Start of Information given

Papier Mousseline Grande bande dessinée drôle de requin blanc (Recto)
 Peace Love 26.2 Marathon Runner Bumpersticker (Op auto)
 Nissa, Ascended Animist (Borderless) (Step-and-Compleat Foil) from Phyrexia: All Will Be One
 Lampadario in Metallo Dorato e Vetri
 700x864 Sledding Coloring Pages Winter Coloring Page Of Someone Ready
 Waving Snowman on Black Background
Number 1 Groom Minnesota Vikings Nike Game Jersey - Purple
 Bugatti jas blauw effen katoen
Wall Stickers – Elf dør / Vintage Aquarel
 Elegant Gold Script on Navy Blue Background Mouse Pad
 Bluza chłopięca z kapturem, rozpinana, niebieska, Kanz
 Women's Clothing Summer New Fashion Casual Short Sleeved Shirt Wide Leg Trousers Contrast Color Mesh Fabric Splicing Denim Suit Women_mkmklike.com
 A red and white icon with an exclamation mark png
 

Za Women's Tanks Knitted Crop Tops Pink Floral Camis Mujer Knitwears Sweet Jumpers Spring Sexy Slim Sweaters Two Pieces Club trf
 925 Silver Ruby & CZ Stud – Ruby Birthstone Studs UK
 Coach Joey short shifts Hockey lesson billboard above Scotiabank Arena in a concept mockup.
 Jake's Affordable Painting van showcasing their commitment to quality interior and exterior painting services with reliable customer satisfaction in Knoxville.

End of Information given

Problem: An exact repeat of the lines from the one containing "700x864 Sledding Coloring" through the final line above, both included, is the whole answer.

Solution:
 700x864 Sledding Coloring Pages Winter Coloring Page Of Someone Ready
 Waving Snowman on Black Background
Number 1 Groom Minnesota Vikings Nike Game Jersey - Purple
 Bugatti jas blauw effen katoen
Wall Stickers – Elf dør / Vintage Aquarel
 Elegant Gold Script on Navy Blue Background Mouse Pad
 Bluza chłopięca z kapturem, rozpinana, niebieska, Kanz
 Women's Clothing Summer New Fashion Casual Short Sleeved Shirt Wide Leg Trousers Contrast Color Mesh Fabric Splicing Denim Suit Women_mkmklike.com
 A red and white icon with an exclamation mark png
 

Za Women's Tanks Knitted Crop Tops Pink Floral Camis Mujer Knitwears Sweet Jumpers Spring Sexy Slim Sweaters Two Pieces Club trf
 925 Silver Ruby & CZ Stud – Ruby Birthstone Studs UK
 Coach Joey short shifts Hockey lesson billboard above Scotiabank Arena in a concept mockup.
 Jake's Affordable Painting van showcasing their commitment to quality interior and exterior painting services with reliable customer satisfaction in Knoxville.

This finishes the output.